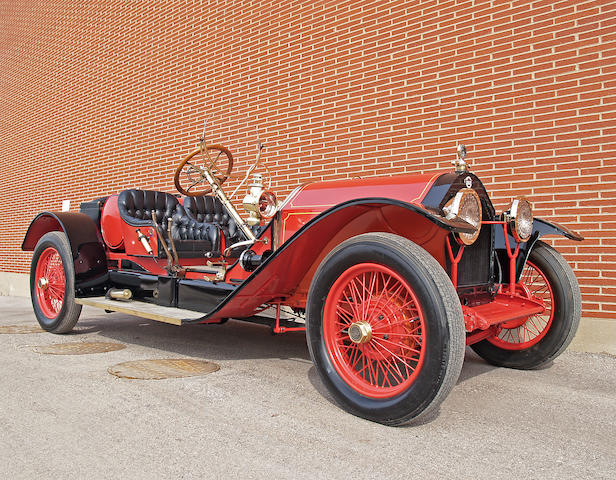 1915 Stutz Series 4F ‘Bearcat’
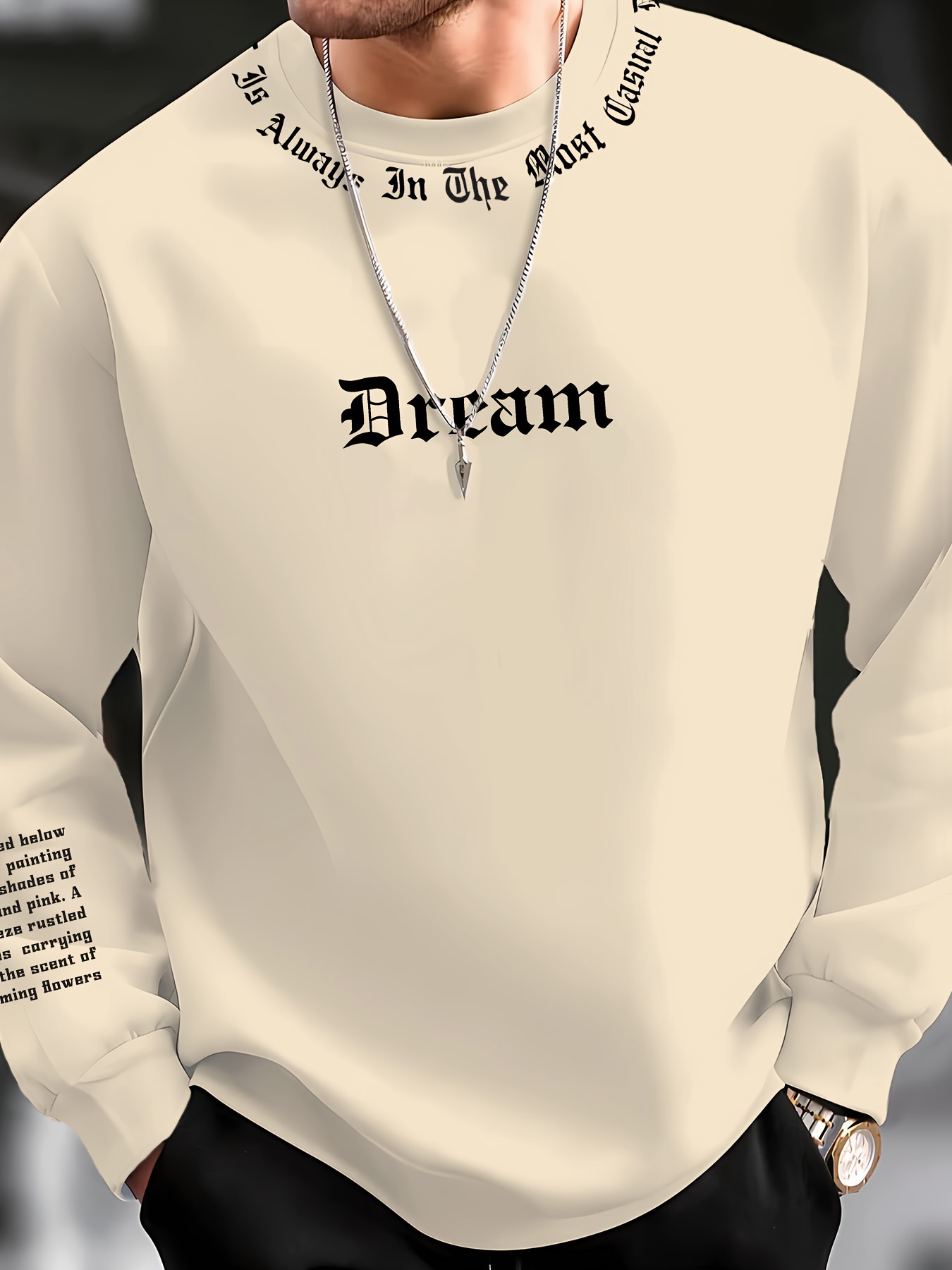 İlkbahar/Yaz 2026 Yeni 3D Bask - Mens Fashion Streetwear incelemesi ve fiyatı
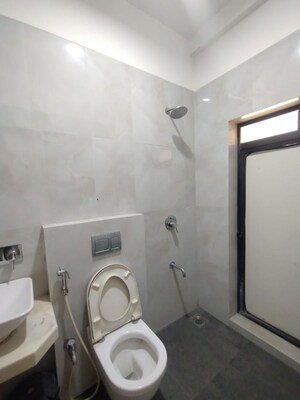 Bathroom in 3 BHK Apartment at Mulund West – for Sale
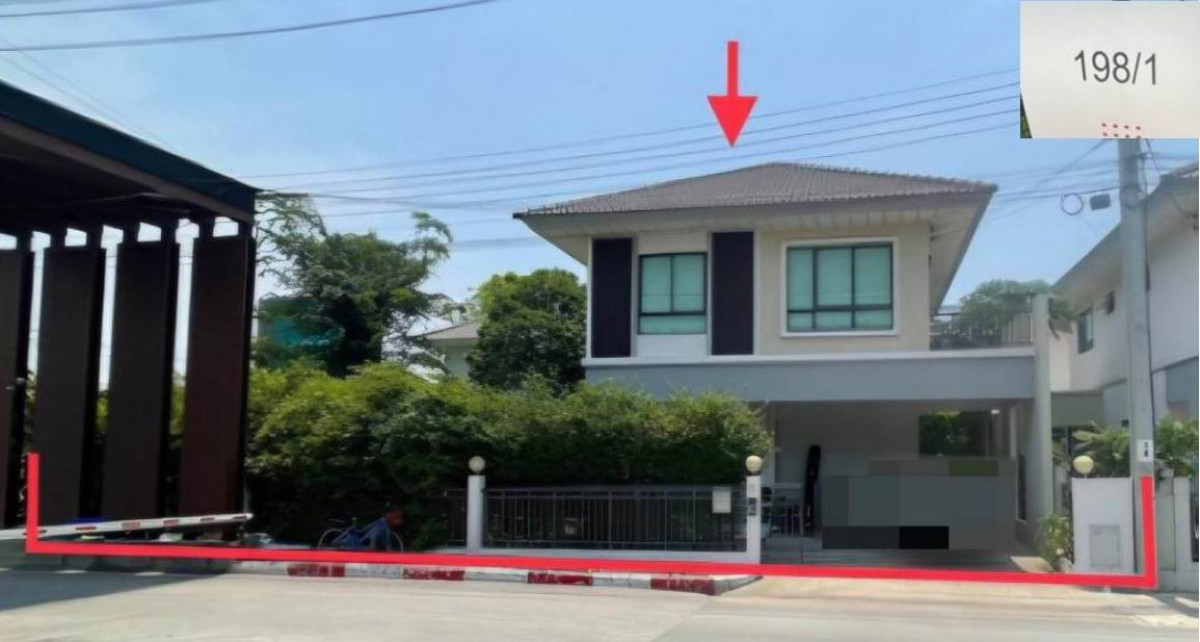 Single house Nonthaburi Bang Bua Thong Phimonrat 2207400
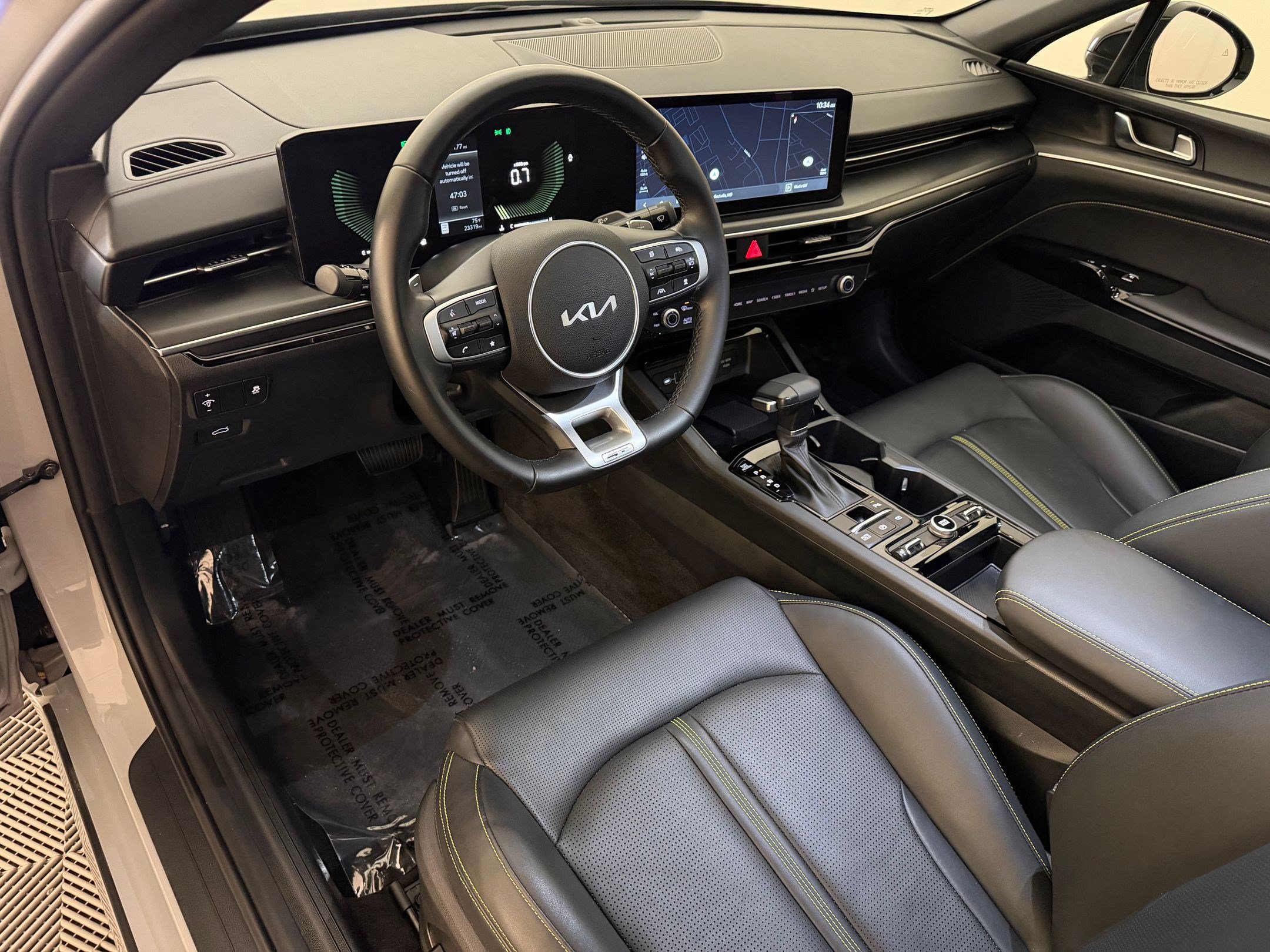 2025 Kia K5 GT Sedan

...

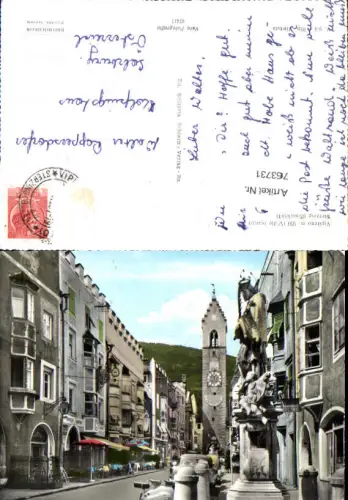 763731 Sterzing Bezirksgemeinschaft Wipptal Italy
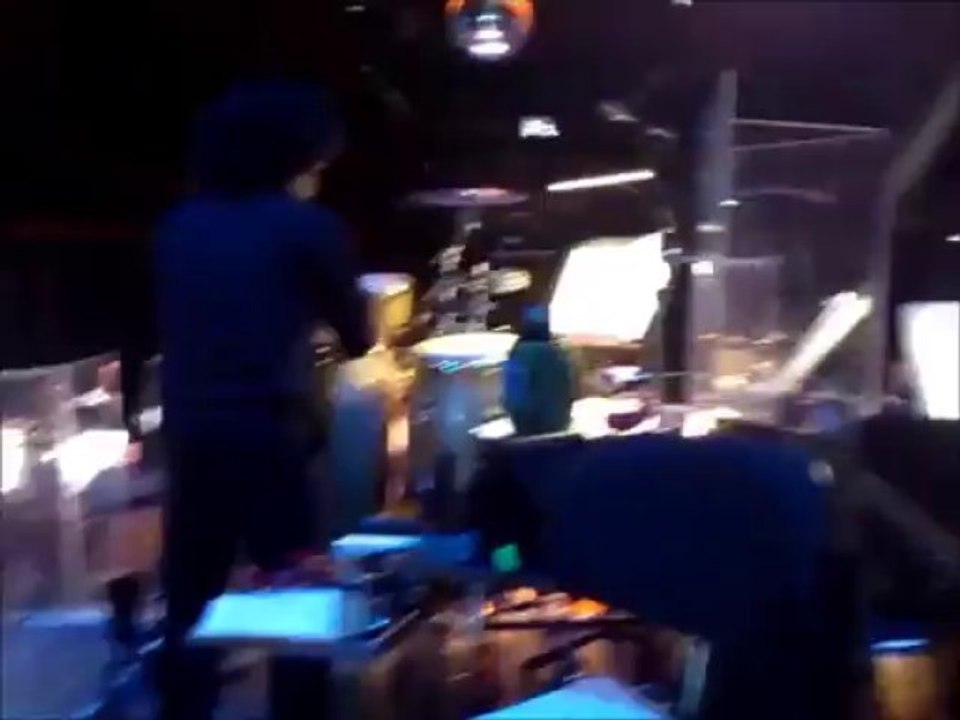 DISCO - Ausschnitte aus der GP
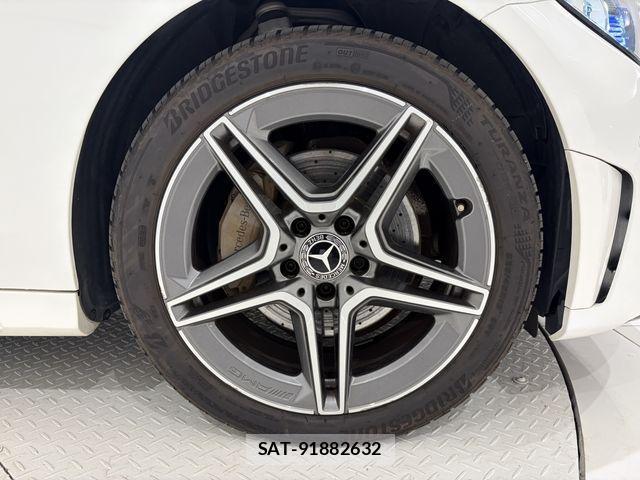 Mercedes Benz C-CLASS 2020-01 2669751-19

• Your assignment:
Above are some records; extract exactly the lines from the one containing "Single house Nonthaburi" through the one containing "2025 Kia K5 GT Sedan" and drop the pictures.

• Solution to the problem:
 Single house Nonthaburi Bang Bua Thong Phimonrat 2207400
 2025 Kia K5 GT Sedan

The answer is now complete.